The prices for the riding horses (not kill pen I didn't see those horses, but Indy and Amarea got theirs from there) were around $300 average and several people wouldn't sell theirs either. The Amish were going for the Standardbreds and race horses, it was very difficult to understand the auctioneer, the speakers were loud and thats the first time I have been there.
They are planning a HUGE turnout for Black Friday.


----------



## Amarea (May 25, 2010)

It was great to meet you too!

We bought ours from the kill pen and the average kill pen price was $100 for the non-draft horses. The drafts were going in the $500 range. 

Poultry, I know you are looking for an Arabian and I will be honest. The last 3 auctions I've been to, there has been one Arab at each auction. They have all been white.

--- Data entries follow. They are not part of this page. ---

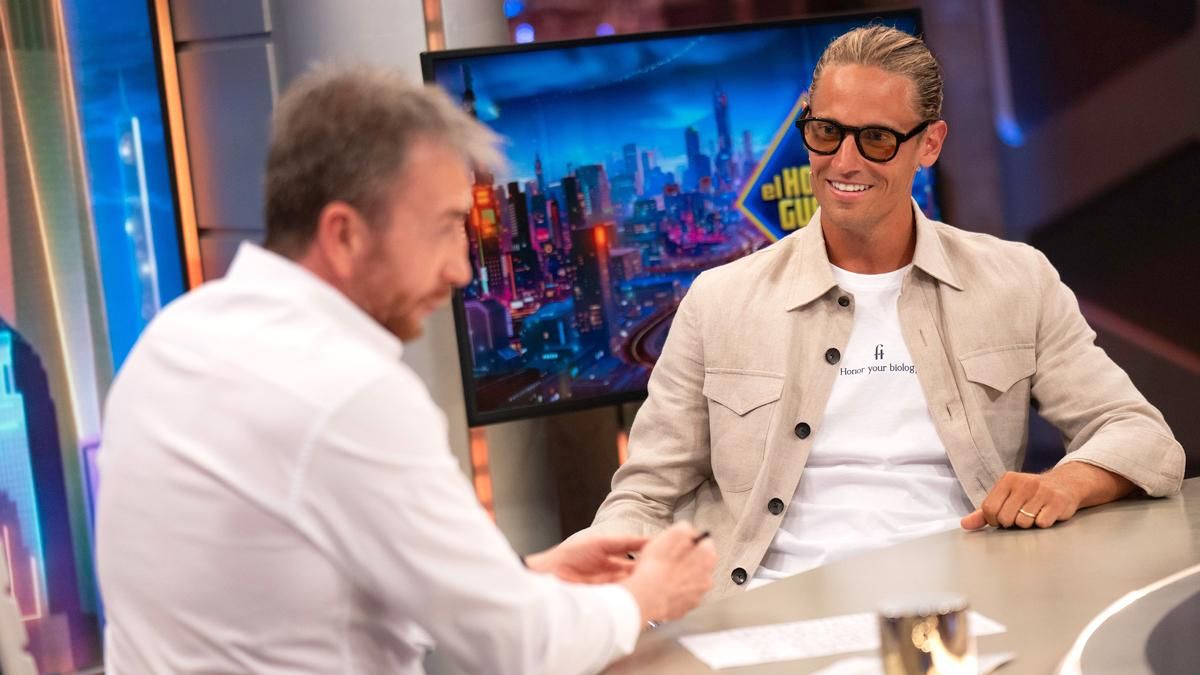 La Asociación Española de Comunicación Científica pide una rectificación a 'El Hormiguero' tras su entrevista a Marcos Llorente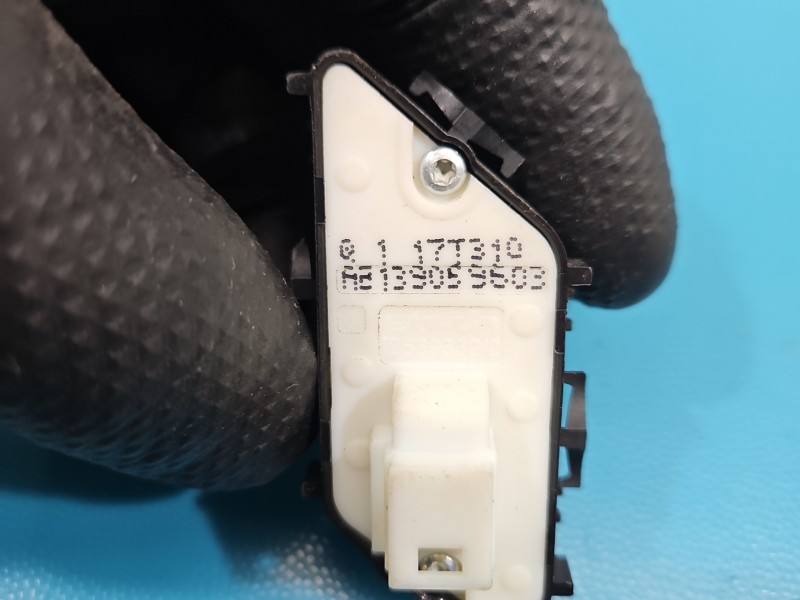 Перемикач кнопка Mercedes E W213 A2139059603 — фото деталі 5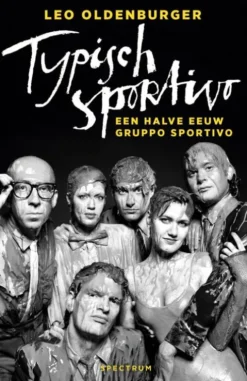Typisch Sportivo eBook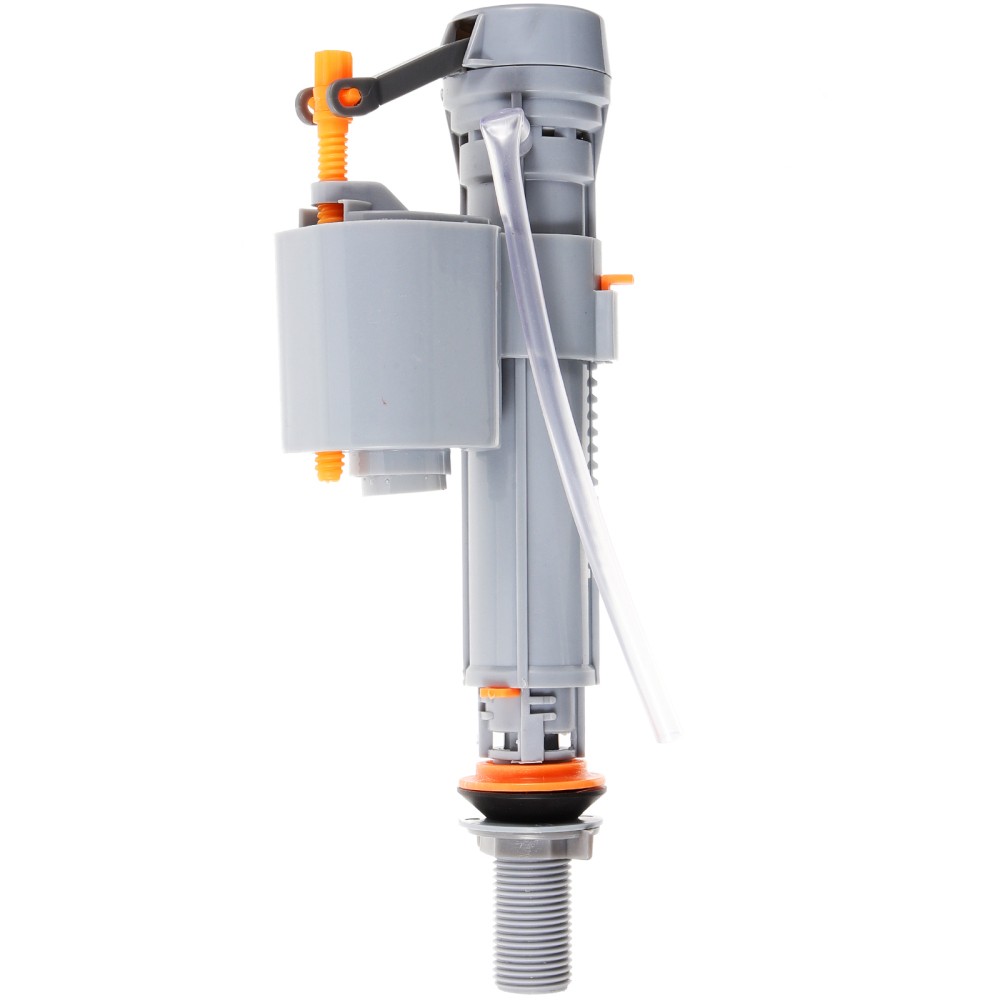 2-Pack Toilet Float Valve Replacement Kit for Flush Tank Repair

They have all also been around 20 years of age with the exception of the one at the last auction that was too wild to even handle.

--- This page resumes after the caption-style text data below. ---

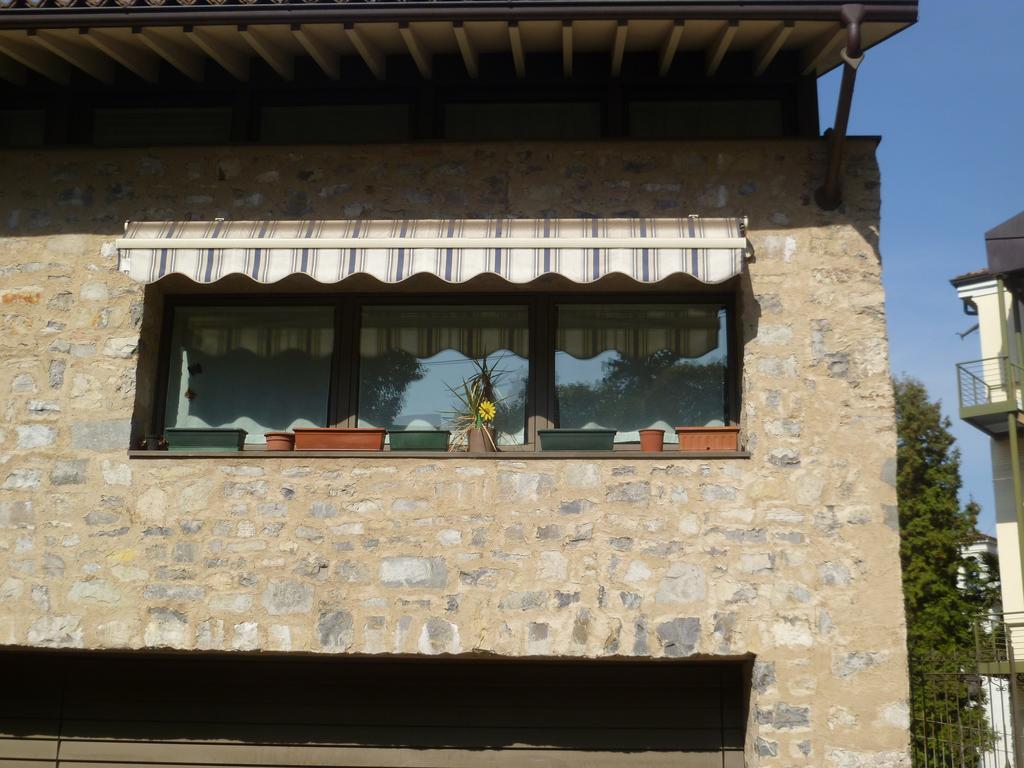 Nido Del Tadini Vila Lovere Quarto foto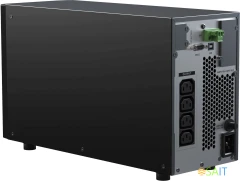 Источник бесперебойного питания Ippon Innova TA 1000 1000Вт 1000ВА черный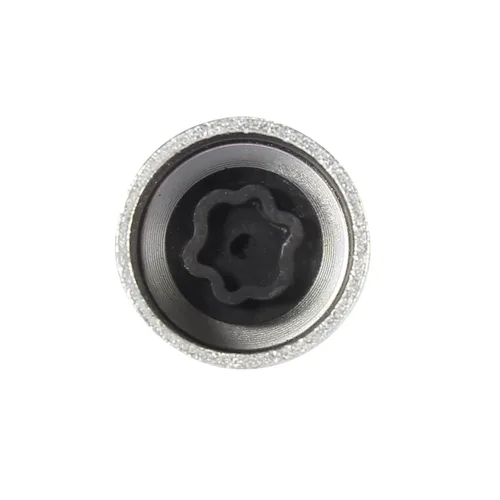 Vista 14 de X AUTOHAUX 041 Llave de bloqueo de rueda de coche Tuerca antirrobo Tuerca de extracción de tornillo Llave de bloqueo de rueda para BMW 3 5 7 Series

Based on the going prices at the recent auctions, I wouldn't expect to spend any less than $500 for what you are looking at unless you buy from the kill pens.

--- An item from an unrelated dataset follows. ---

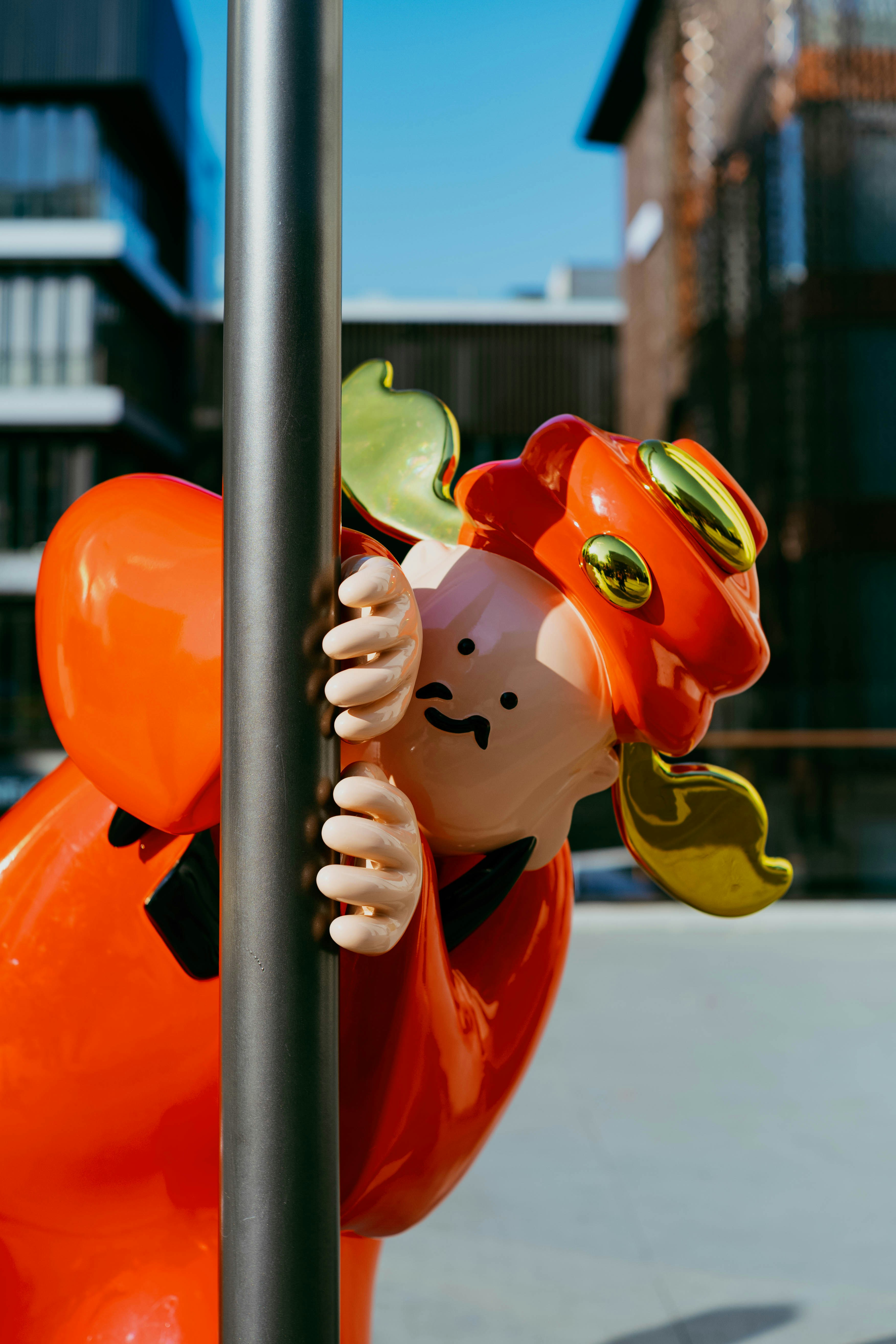 Photo by tommaomaoer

As far as breeds, there were a lot of QH's, a couple TWH's, some Appy's and there are always drafts there.


----------



## poultrygirl (Sep 11, 2010)

Amarea said:


> We bought ours from the kill pen and the average kill pen price was $100 for the non-draft horses. The drafts were going in the $500 range.
> 
> Poultry, I know you are looking for an Arabian and I will be honest. The last 3 auctions I've been to, there has been one Arab at each auction. They have all been white. They have all also been around 20 years of age with the exception of the one at the last auction that was too wild to even handle.
> 
> ...


Thank you for keeping an eye out  I feel like if Im in the Midwest, I definitely want to come check it out and see what's there. And i also feel like, with my luck, if i dont go, exactly what ive been wanting will be there. So it's better to go and see. And 500+? Sounds like from waht I've been reading of prices over the last couple years, prices are looking up in shipshewana. 
And I'm curious..what did you two get out of the kill pen? :shock:


----------



## Amarea (May 25, 2010)

An Appy cross and a Molly Mule


----------



## MIEventer (Feb 15, 2009)

It just breaks my heart to know so many good horses go through those kill pens...*sigh*

Good for you Amarea for rescuing those two lovelies! The Appy is gorgeous!


----------



## Amarea (May 25, 2010)

Indy snagged Lola (the mule) for $25! Much better than her going to the kill buyers! I did feel bad tho as the buddy to my Appy was sold to the kill buyers and it about killed Karma... Poor baby =[


----------



## ShutUpJoe (Nov 10, 2009)

Congrats on the new horse Amanda. It's really pretty!


----------



## Amarea (May 25, 2010)

Thanks Amanda =)

BTW - did anyone ever tell you your hubby looks like Bill Engvall? Hehe...


----------



## MIEventer (Feb 15, 2009)

Man, I wish I went to of been able to of met you guys. 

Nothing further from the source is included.